Four local agencies in the government of North Carolina have documented about the dangers of faulty gas chambers and cylinder supply public animal shelters since 2004. Leaks and defects were recorded Working with the Department in North Carolina, North Carolina Department of Health and Social Services, North Carolina Department of Agriculture, and Fire Marshals and local Stokes County Reidsville. The results of these organs were obtained through requests for public records.

Most gas chambers in our state that there had not been officially inspected by 2004. Since then, thousands of complaints from residents to government officials and media have made the controversial method of euthanasia to the forefront.

One documents the most compelling is one of North Carolina Department of Labour Inspection Control Pets Sampson County in 2004 (1). Leaf calculation inspector said:

"The animal starts to beat because he can not breathe ... They wait 10 minutes until the animal stops making sounds, then turn on a fan that is supposed to remove the CO from the camera. "

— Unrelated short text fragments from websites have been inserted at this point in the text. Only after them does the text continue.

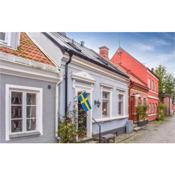 Stunning home in Ystad with WiFi and 4 Bedrooms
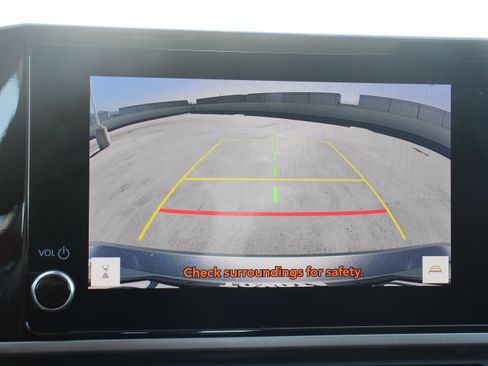 Certified 2025 Toyota Camry LE AWD/4WD image 28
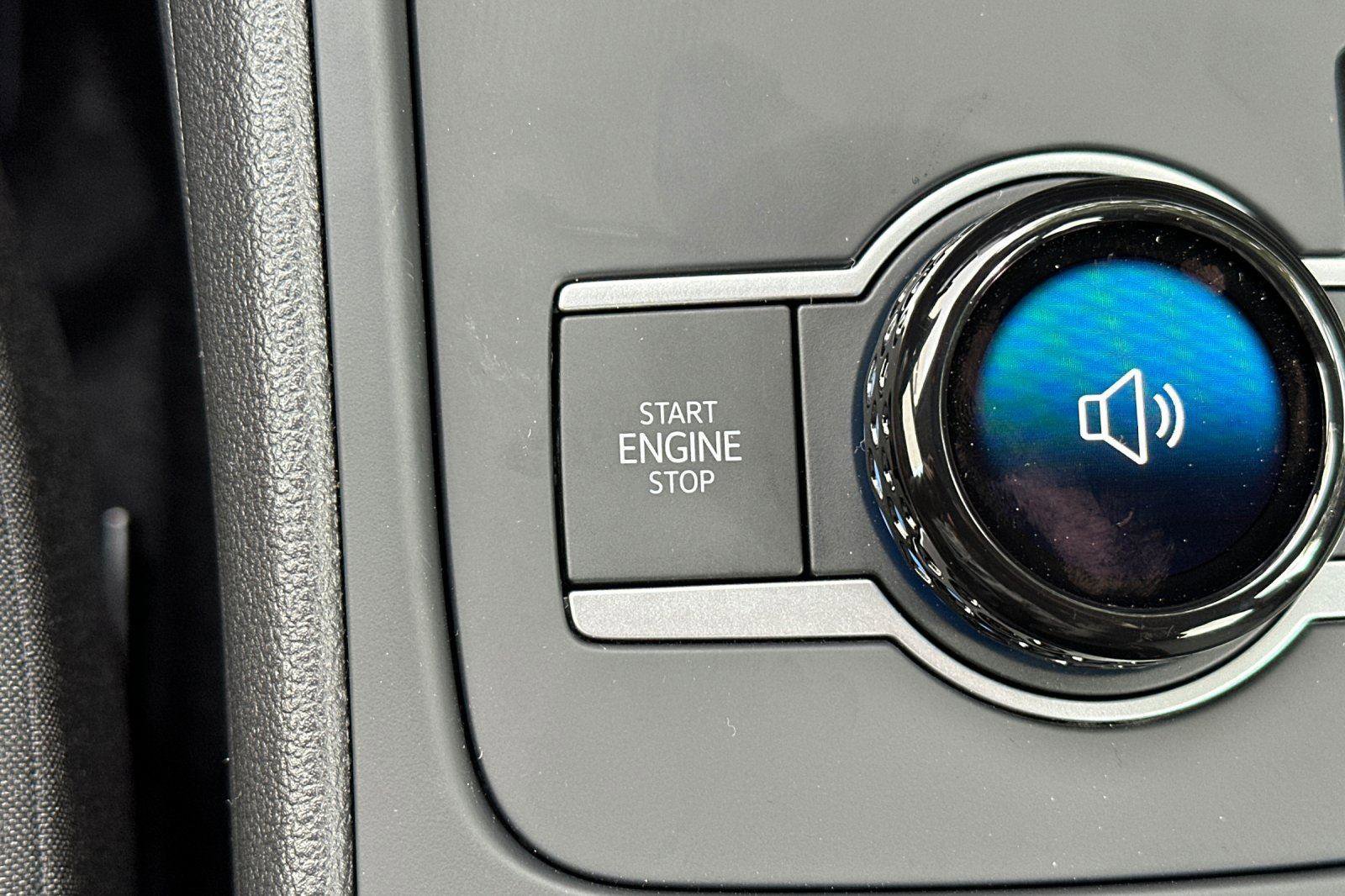 New 2026 Volkswagen Tiguan S image 21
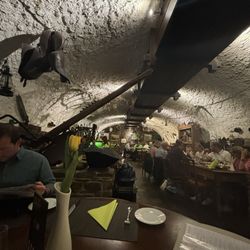Ristorante-Pizzeria Castello - Inside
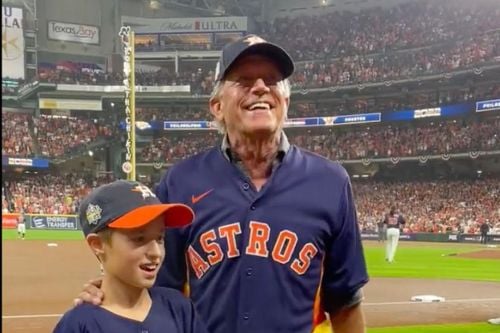 Houston Astros pitcher gives World Series tickets to fans who were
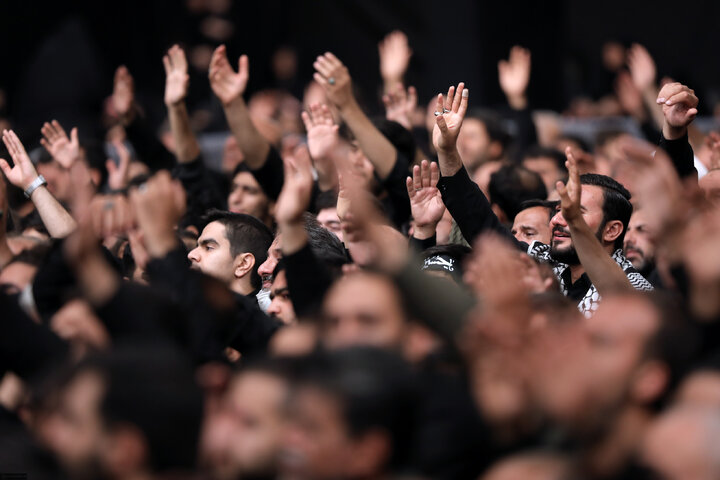 Photos: Fifth night of Muharram mourning ceremonies held in Imam Khomeini Hussainiyah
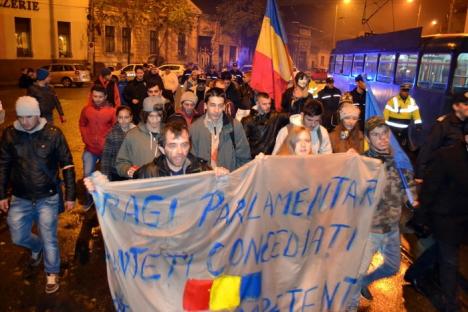 Revoluţia Colectiv: Numărul protestatarilor orădeni a scăzut la 40 (FOTO / VIDEO)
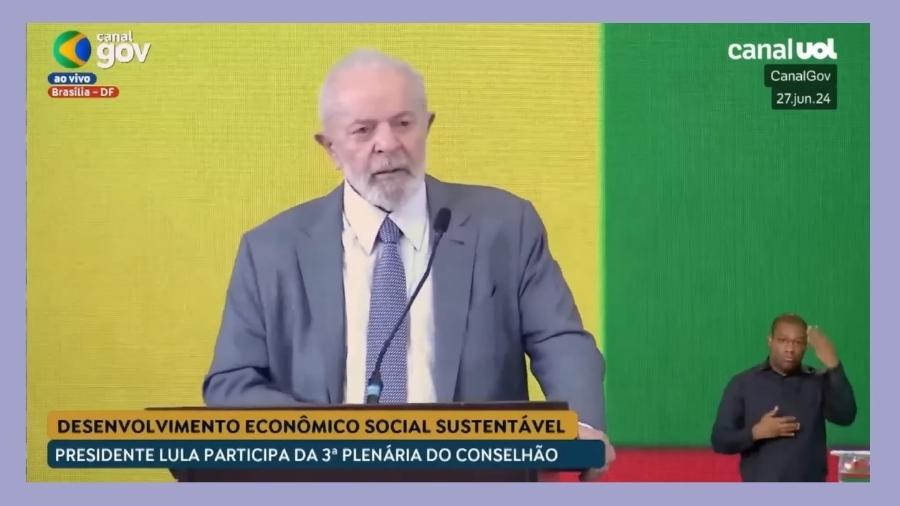 Lula durante abertura da terceira reunião do Conselhão. Presidente chama de cretinos os que atribuíram a ele elevação do dólar na quarta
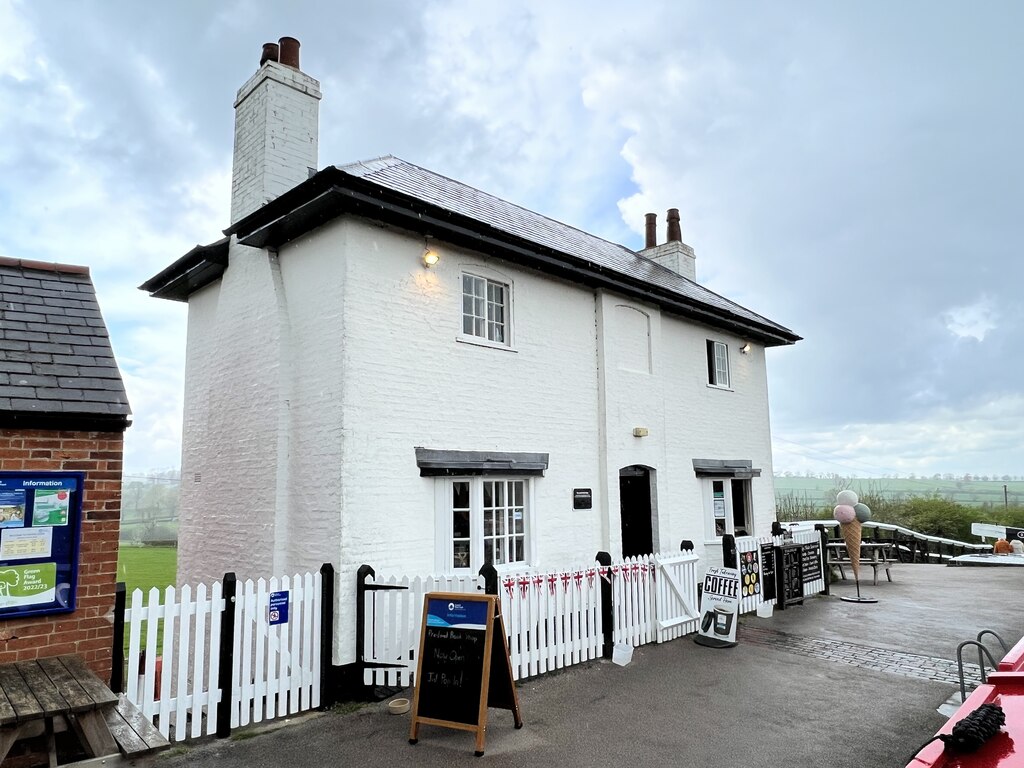 Top Lock Cottage Andrew Abbott Cc By Sa 2 0 Geograph Britain And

Gas Monitor readings showed overexposure used carbon monoxide, which the agent believes that the "place where the door of the chamber is opened to remove the animal." There is no protection respiration has been provided for employees.

John Harris Reidsville Firefighters inspected a gas chamber in the Rockingham County Animal Control In 2004, the property Reidsville Veterinary Hospital, after repeated attempts to repair the gas leak (2). An inspection report in August 2004

"Harris is the conclusion that the door seals chamber room in ruins and has been damaged in several places. Harris also observed that attempts to repair the joints were made with what appeared to be caulk. He also noted that security systems complete in order to monitor levels of carbon monoxide has been disabled. vent at the top of the camera is not properly installed and sealed with what looks like the band. During operation of the camera monitors euthanasia with carbon monoxide is used to test current levels next to the camera .... levels of carbon monoxide exceeds 984 ppm in the field of the camera .... After the purge cycle for the elimination animals from a reading of 460 ppm in the room yet officially dead animal disposal. "

Not only the rooms Gas leaks and malfunctions, but the gas cylinders supplied by the providers of carbon monoxide have also been described as a potential hazard. Carolina North, Department of Labour Inspections revealed defective gas cylinders at the Columbus County Animal Control (3) and Davidson County Animal Control in 2006 (4). Davidson County inspection indicates that the national supply welders leak test nonformal cylinder. Inspection County Columbus said, "We have determined the overexposure occurred when the cylinder valve is initially opened, the CO, so that would be the engineering viable control is that of the cylinder and check valves. "Supervisor of Animal Control Rossie Hayes responded to NCDOL, asking" for any suggestions on how to check for leaks. "He asked if employees must use a certain type of respirator.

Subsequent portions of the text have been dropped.